I work with people who hate public speaking. It’s clear that we think far too much about it. Especially if we are scared and anxious when we are the centre of attention.
We think about; where to put our hands, what people are thinking about us, we remember the times we got it wrong, we worry who is in the audience, we catastrophise what might go wrong. To adapt Mark Twain “My speeches have been filled with terrible misfortunes – most of which never happened!”
To cap it all, we often have an internal observer giving a commentary about how badly we are doing in the moment. Let’s listen in;
“You’ve just pronounced that word wrongly, why are you speaking about this right now, omg they can see that I’m nervous, my feet are too big…”
The more we act as our own highly critical commentator, the more we sabotage ourselves.
That is a lot of “stuff” to take up with us. No wonder its hard to be there.
For me, it is obvious that the fear of public speaking is layered – its not just one thing. It’s not just a matter of changing feeling nervous to feeling excitement – although later on that can be a useful.

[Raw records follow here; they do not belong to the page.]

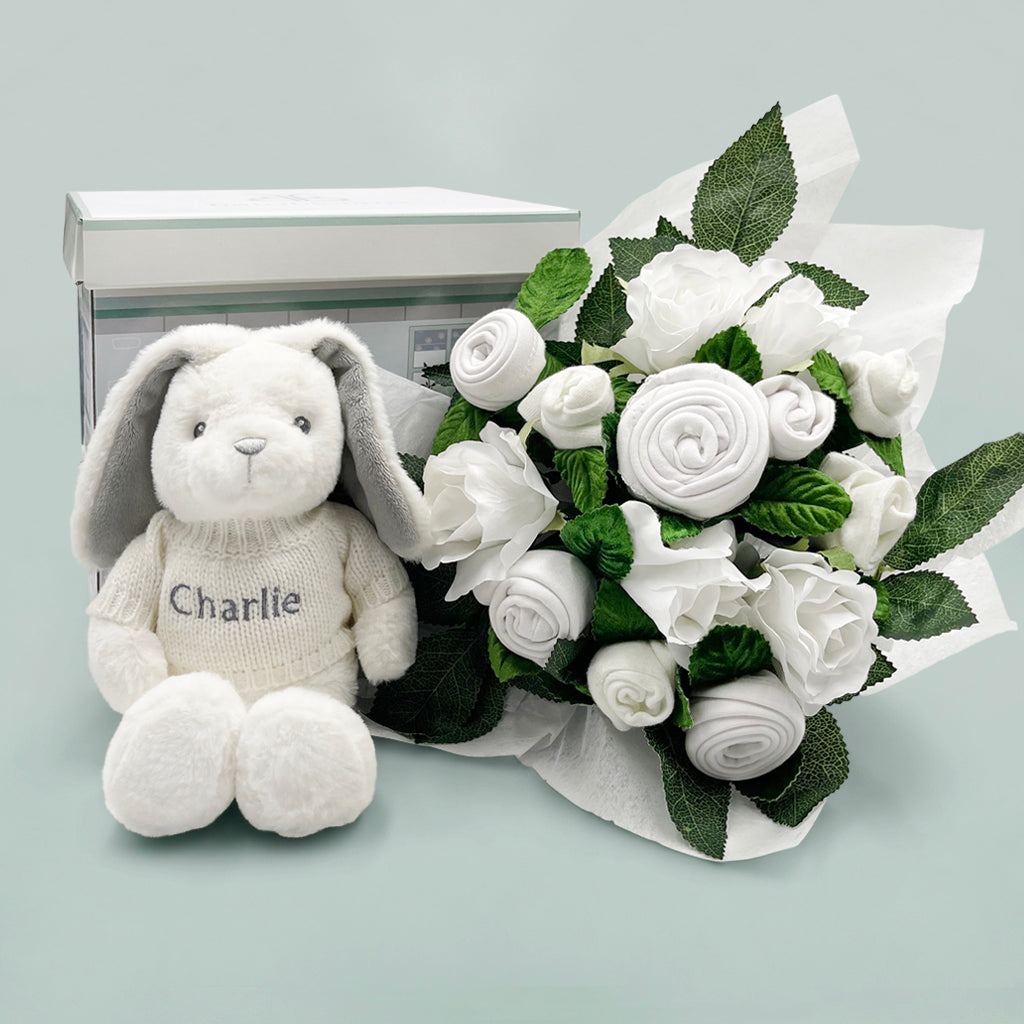 Hand-Tied Baby Clothes Bouquet with Personalized Bunny Plush - White | Perfect for Baby Showers, Newborn Gifts & Nursery Decor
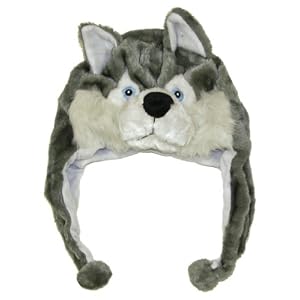 Cute Animal Hat- Plush Husky Timber Wolf Animal Winter Hat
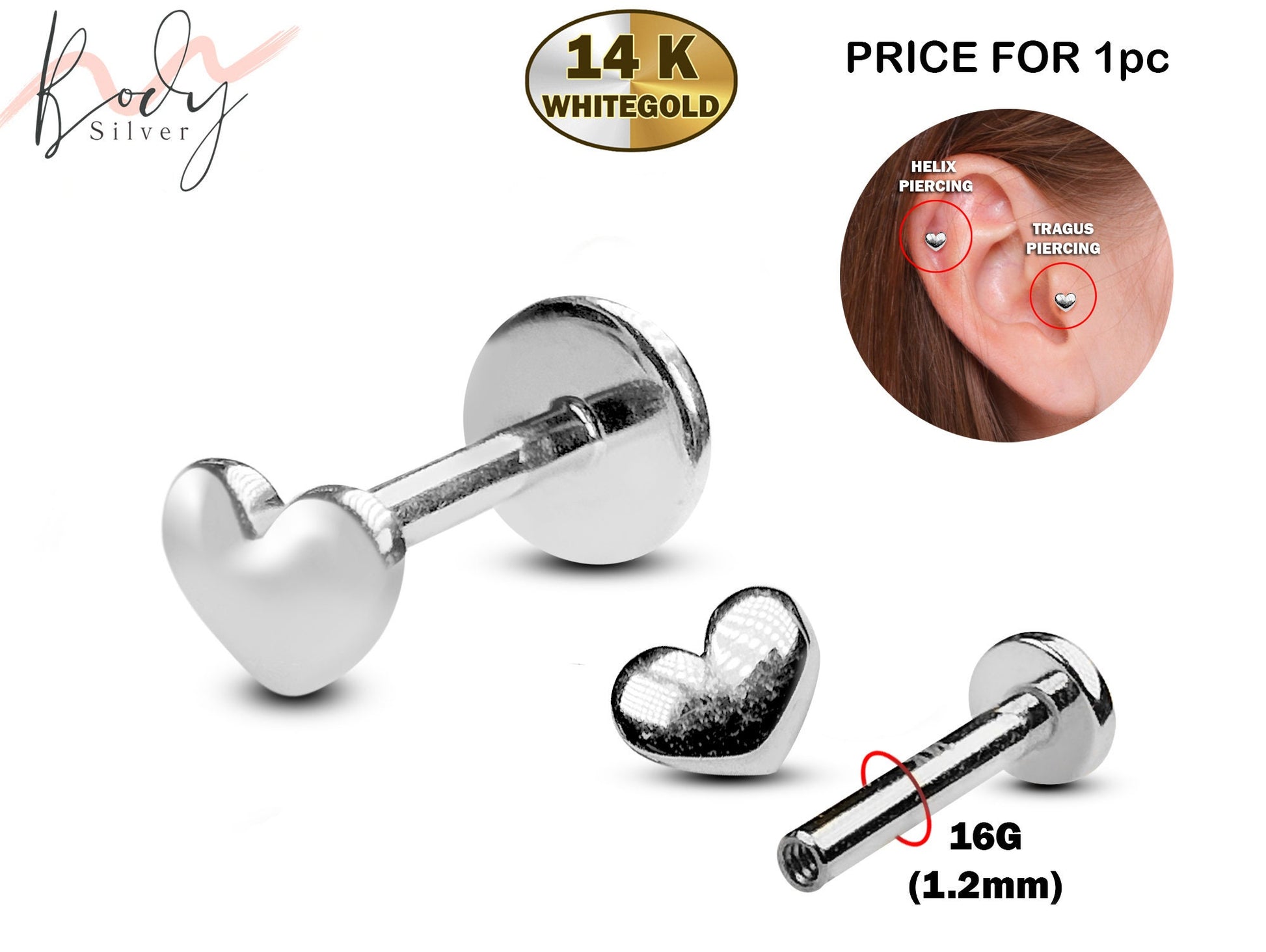 14K White Gold Heart Tragus Earrings, Cartilage Piercing, Labret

I think we have to calm ourselves down, to learn how to be in front of people and get used to the fact that our brain that has an evolutionary biased for spotting threat. Over-seeing threat is something our brain excels in. Our brain is evolutionary designed over millions of years to over-think, to spot patterns of danger, to react quickly to them.
Often we blame ourselves for our weaknesses around public speaking. I think we should be kinder to ourselves – we are still using a brain that’s defending us from potential threats from million years ago. When did you last get attacked by a lion during a presentation? But we behave as if the lion is there in the audience. This is our evolutionary legacy rather than something broken with us as individuals.
Part of the answer to the fear of public speaking is to learn how to be ok with lots of people looking at us and how to calm our inner storm so we think a lot less.